American International Group Inc. (AIG) does not have to cover insurance claims from two former Bernard Madoff clients who sought compensation for their losses under their homeowner’s policy, a federal appeals court ruled in August 2012.
The 2nd U.S. Circuit Court of Appeals rejected an appeal from Robert and Harlene Horowitz, who had sought up to $30,000 in coverage under a fraud safeguard provision in their homeowner’s policy with AIG. The two California residents had sought to make their lawsuit a class action on behalf of other AIG policyholders.
The Horowitzes said they lost $8.5 million from their Madoff account when the money manager’s Ponzi scheme was uncovered in 2008, reflecting the amount on their final account statement.

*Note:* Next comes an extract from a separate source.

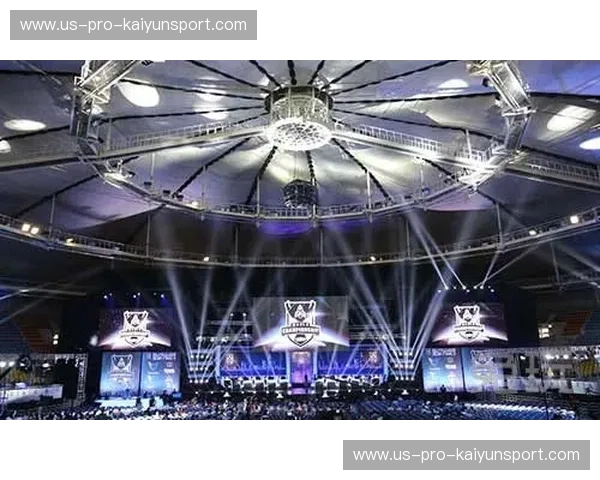 LOL季中赛资讯:解码MSI热潮的全方位攻略 LOL季中赛资讯:解码MSI热潮的全方位攻略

AIG denied they suffered any direct loss under the terms of their insurance policy.
The Horowitzes had deposited $4.3 million in their Madoff account over nearly 10 years and had withdrawn about $4.5 million over the same period, leaving them with $226,000 more than they invested, according to the Court of Appeals ruling. The $8.5 million claim was the indirect loss of potential returns on their initial investment, a scenario that was explicitly excluded from coverage under their policy, AIG argued.
In September 2010, U.S. District Judge Paul Crotty in Manhattan, N.Y., agreed with AIG and dismissed the lawsuit. The plaintiffs appealed to the 2nd Circuit, which backed Judge Crotty’s ruling.

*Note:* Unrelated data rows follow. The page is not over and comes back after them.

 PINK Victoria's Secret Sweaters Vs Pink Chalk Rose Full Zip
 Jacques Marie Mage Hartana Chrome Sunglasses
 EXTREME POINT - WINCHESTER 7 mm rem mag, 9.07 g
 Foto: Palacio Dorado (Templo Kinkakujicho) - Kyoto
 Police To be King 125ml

“The policy expressly excludes coverage for indirect losses — a term that includes the inability to realize income from the money, securities or other property that would have been realized but for the fraud,” the Appeals Court wrote.
AIG could not immediately be reached for comment.
A lawyer for the plaintiffs was also not immediately available.
Madoff is serving a 150-year prison sentence after admitting to running what prosecutors called a $65 billion Ponzi scheme.